About Feng Shui
Feng Shui is a traditional ancient practice originating from China, which uses natural energy forces to create harmony between humans and their environment. In this article, I will cover some very basic principles of Feng Shui that will serve as groundworks for the later articles, where we will dive deeper into different aspects of the topic.
I want to start by getting some common misperceptions about Feng Shui out of the way. Feng Shui does not have magic answers and cannot directly impact the outcomes in our life. Placing a certain plant in a certain spot, or rearranging furniture has some benefits. However, Feng Shui works on many levels, and its main aim is to help us to align our energy with the energies of the space. This alignment will form a favourable energy flow that will impact our well-being, which will in turn translate to all areas of our life.
In other words, we use Feng Shui principles to align our energy with the energies of our environment and to get them on board the train travelling in the direction of our desires.

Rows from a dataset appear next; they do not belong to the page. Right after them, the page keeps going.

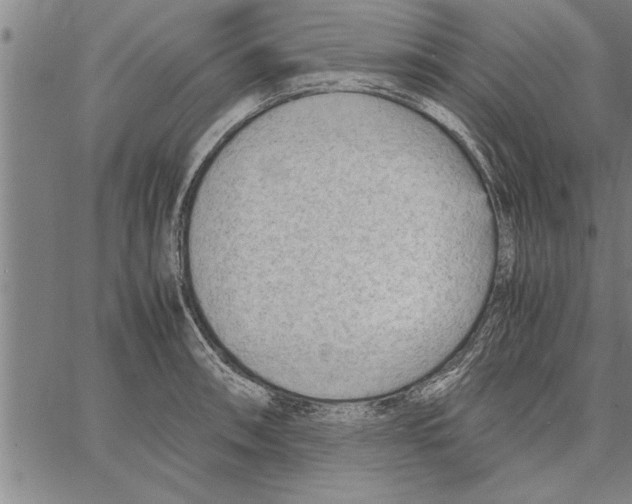 X0000066941090200604211744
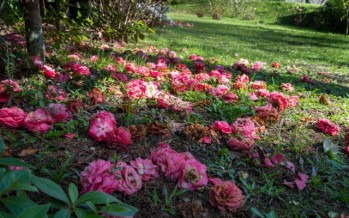 Un tesoro de camelias en el corazón del Delta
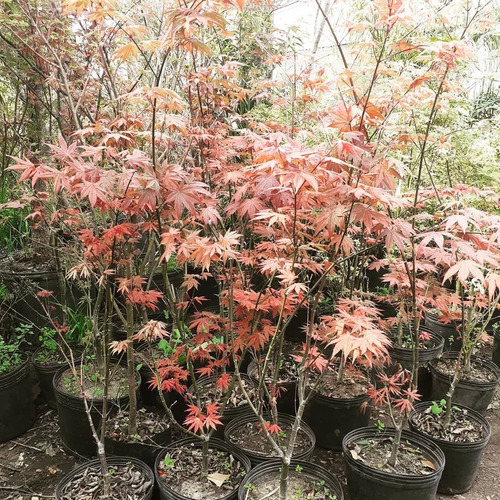 Arces Japoneses, Árboles Japoneses, Acer Coleccion 10lts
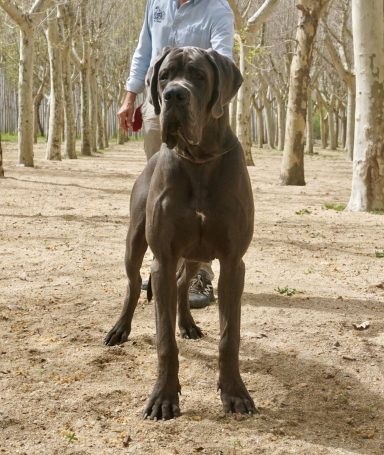 CAMADA 'T' DE DOGOKO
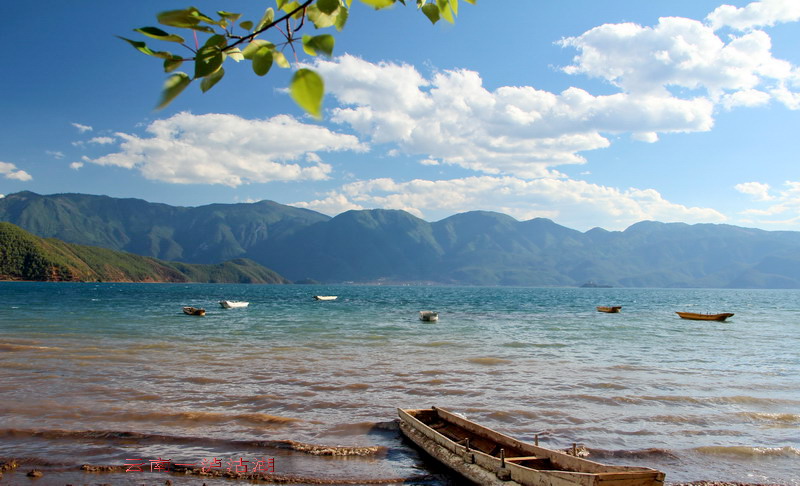 img_3862_缩小大小.jpg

With Feng Shui, we can detect blocked energy or a build-up of negative energy that over time manifests as various hardships. We then work on releasing that energy, both within our home and within us and allow it to run freely and in the direction that supports our path.
Chi – The Life Force
Chi (or Qi) is the most important term in Feng Shui, it is the charged energy that runs through everything around us, including us. Our Chi runs through seven points in our body, commonly known as chakras. There are two forms of Chi; Yin, which is feminine, slow, dark, passive, cool energy, and Yang, the masculine, fast, bright, active, hot energy. These two energies are constantly interrelating. When they are balanced, we live in perfect health and harmony. However, nothing is as constant as change, so sometimes we are more Yin and sometimes we are more Yang. Finding balance is how we learn and grow.

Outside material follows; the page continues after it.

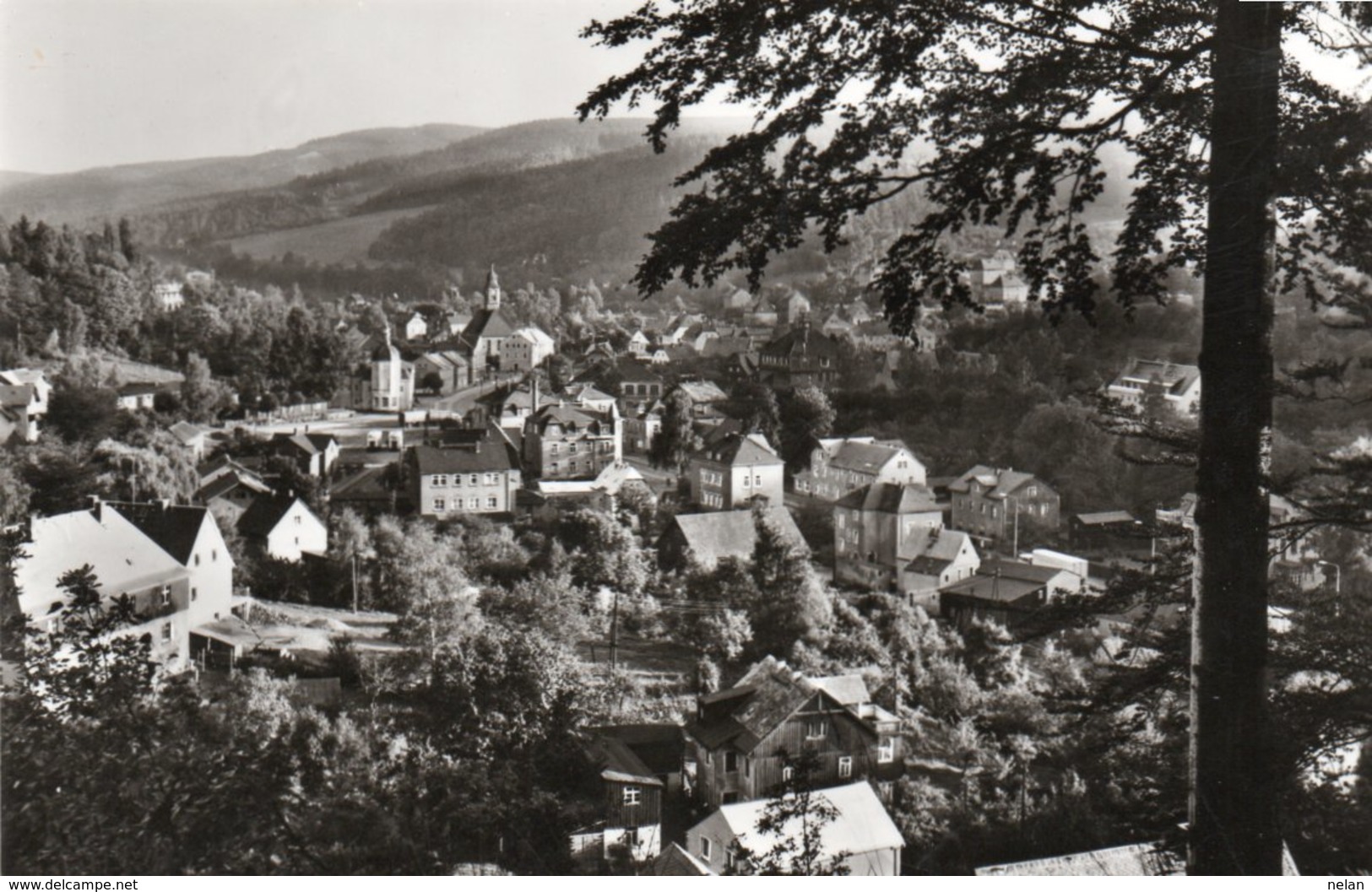 SCHMIEDEBERG-KR. DIPPOLDSWALDE-REAL PHOTO - Schmiedeberg (Erzgeb.)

How energies will interact with each other is defined by Five Elements: Fire, Soil, Metal, Water and Wood. They work together and balance each other; hence we do not want to have too much or too little of an element in our environment.

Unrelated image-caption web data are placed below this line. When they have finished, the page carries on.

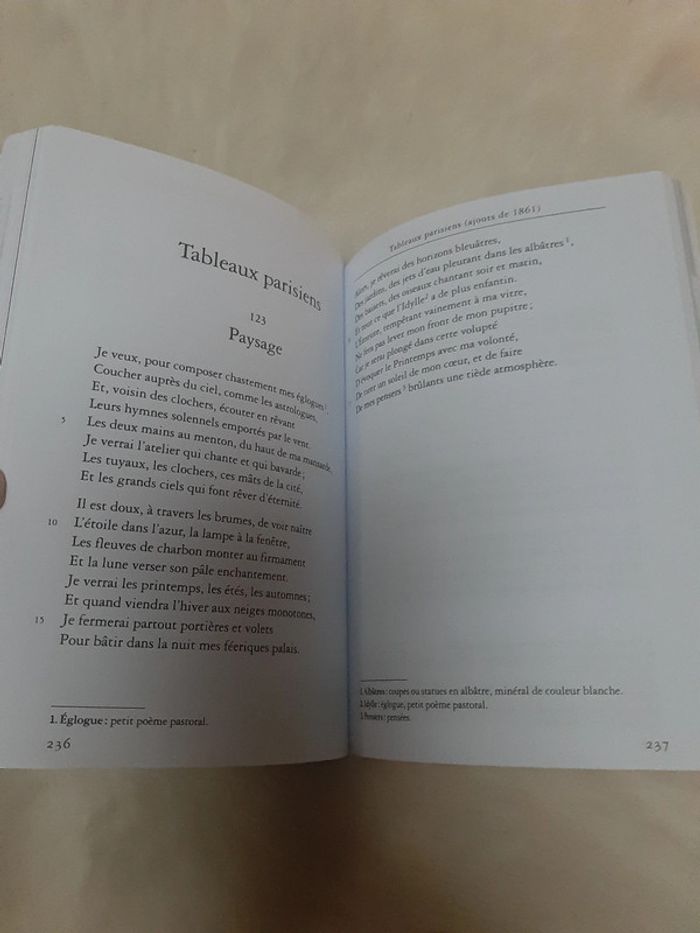 Les fleurs du mal - photo numéro 2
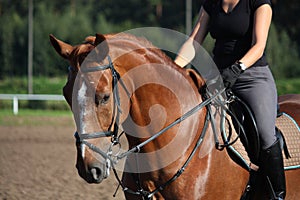 Chestnut sport horse portrait in summer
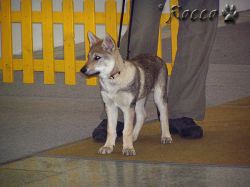 38_helena_oskar_dora02.jpg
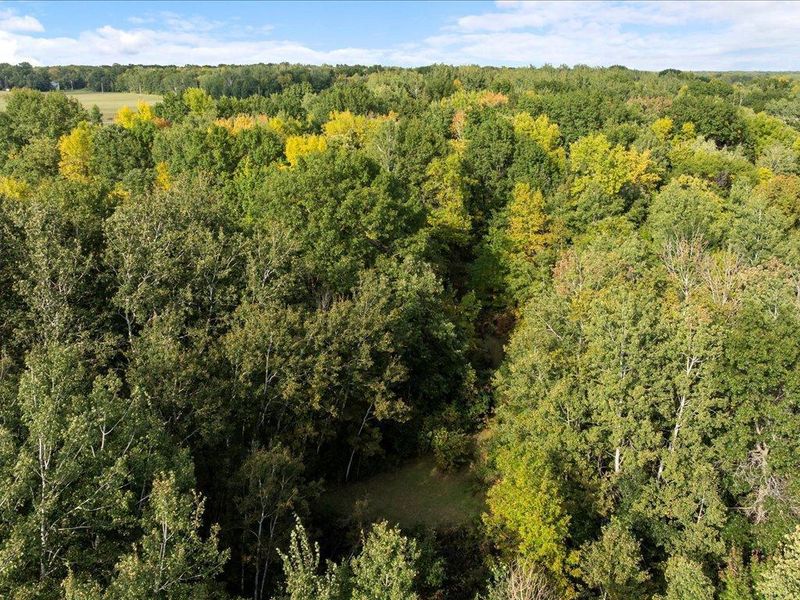 17087 County Road 2, Brainerd, MN 56401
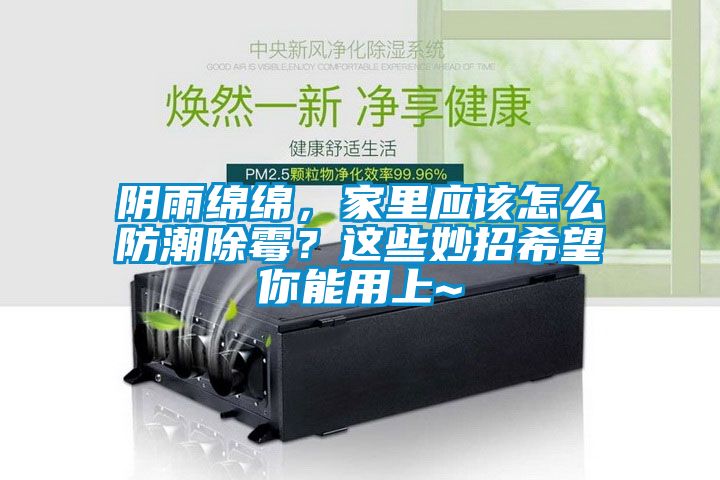 阴雨绵绵，家里应该怎么防潮除霉？这些妙招希望你能用上~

Green is the Luckiest Colour
When it comes to our working spaces, due to the number of electronic devices, we live and work with the constant effects of Electromagnetic Fields. EMF is not a desirable feature in Feng Shui as it interferes with Earth’s magnetic field, and it makes it harder for us to focus and concentrate, it causes headaches and can lead to other health issues as well. However, we depend on our electronic devices. Removing them from our spaces is not an option, so we will focus on things we can do to minimise their effects.
Plants absorb EMFs and reduce computer radiation and indoor pollution. They are highly desirable features. Moreover, plants bring Yang Chi of the wood element that symbolises growth and new beginnings. This makes the space within the office active, or more “alive”. All lush, leafy plants will contribute to better air quality, and will increase the healthy Chi. Dry or dying plants are not a desirable feature in any working or living area and need to be removed.
Clear the Headspace
Power is in the Layout
The ideal position of your office desk is when your back is supported by a wall and you have a clear, unblocked view of the doors. Seeing who is coming in and out, puts you in the control of the situation. On the contrary, turning your back to the doors facing a wall has the same meaning as turning your back to opportunities, and not being aware of what is happening behind your back.
Knowing your personal auspicious direction for success (which can be calculated from your date of birth) and sitting facing that direction allows you to work from your strongest position. Here, your confidence and concentration are at their highest.